The K-mRNA consortium, launched in a ceremony hosted by the Ministry of Health Welfare on June 29, involves three drug makers -- Hanmi Pharmaceutical, GC Pharma and ST Pharm, which will work with a biopharmaceutical business association to establish a vaccine production and export base by securing technology for an mRNA vaccine platform.
Hanmi CEO Kwon Se-chang said the consortium aims to develop mRNA COVID vaccines "with preventive effects that are more than equal" to those commercialized by Moderna and Pfizer."We will develop the next-generation vaccine that can overcome mutant viruses not too late," Kwon said in a statement published by the health ministry.
The K-mRNA consortium would try to secure mRNA technology by next year to produce 100 million doses that can inoculate the entire population twice per person, the ministry said, adding a mass production system would be established by the second half of 2023 to distribute more than one billion doses annually at home and abroad.
By 2025, the consortium would use its mRNA platform to develop anti-cancer vaccines and next-generation innovative drugs. "The mRNA COVID-19 vaccine has already been developed, but the consortium puts emphasis on securing the mRNA platform, not just its vaccine development," said GC Pharma CEO Heo Eun-chul.
Hanmi, GC and ST Pharm would invest more than 700 billion won ($620 million) in clinical trials, core raw materials and mass production facilities. They would expand the scope of cooperation with other domestic companies affiliated with the Korea Innovative Medicines Consortium (KIMCo) and research institutes.

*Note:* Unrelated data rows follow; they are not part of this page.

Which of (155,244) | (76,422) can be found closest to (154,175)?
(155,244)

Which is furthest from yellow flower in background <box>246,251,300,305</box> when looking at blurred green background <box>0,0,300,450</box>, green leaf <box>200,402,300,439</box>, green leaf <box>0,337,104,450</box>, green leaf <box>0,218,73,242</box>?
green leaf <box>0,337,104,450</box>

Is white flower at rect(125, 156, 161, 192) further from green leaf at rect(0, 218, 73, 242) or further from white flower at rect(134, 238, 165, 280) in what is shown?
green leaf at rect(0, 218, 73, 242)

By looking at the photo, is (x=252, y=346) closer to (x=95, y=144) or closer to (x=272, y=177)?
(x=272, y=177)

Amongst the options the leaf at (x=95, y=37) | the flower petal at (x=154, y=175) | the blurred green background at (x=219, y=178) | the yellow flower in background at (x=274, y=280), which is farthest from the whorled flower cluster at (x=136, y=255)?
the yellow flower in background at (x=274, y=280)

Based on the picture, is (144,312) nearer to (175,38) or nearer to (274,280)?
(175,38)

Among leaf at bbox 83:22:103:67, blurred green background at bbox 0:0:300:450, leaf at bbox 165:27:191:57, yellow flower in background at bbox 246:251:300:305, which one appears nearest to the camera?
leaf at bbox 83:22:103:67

KIMCo was formed in 2020 by the Korea Pharmaceutical and Bio-Pharma Manufacturers Association (KPBMA), a biopharmaceutical business group led by Chairman Won Hee-mok. "I believe the government will fully support domestic companies as they joined forces to protect vaccine sovereignty and survive the global vaccine war," Won said.
The novel coronavirus is studded with proteins that it uses to enter human cells. Spike proteins make a tempting target for potential vaccines and treatments. DNA vaccines transfect a specific antigen-coding DNA sequence onto the cells of an immunized species, while mRNA vaccines teach cells how to make a protein that triggers an immune response for the production of antibodies.

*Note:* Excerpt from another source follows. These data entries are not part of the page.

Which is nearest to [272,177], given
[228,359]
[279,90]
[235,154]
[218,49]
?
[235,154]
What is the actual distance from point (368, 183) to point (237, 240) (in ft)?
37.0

DNA vaccines are safer than mRNA vaccines but there is a disadvantage that raw material inputs are higher. The advantages of RNA vaccines include production speed and lower cost, but they may elicit an unintended immune reaction, and mRNA vaccines can be easily broken by small shocks, making them difficult to transport and store.
South Korea has approved clinical trials for three DNA vaccines, three recombinant vaccines and one viral vector vaccine. Five companies including SK Bioscience aims to carry out final-stage clinical trials, starting in the second half of 2021.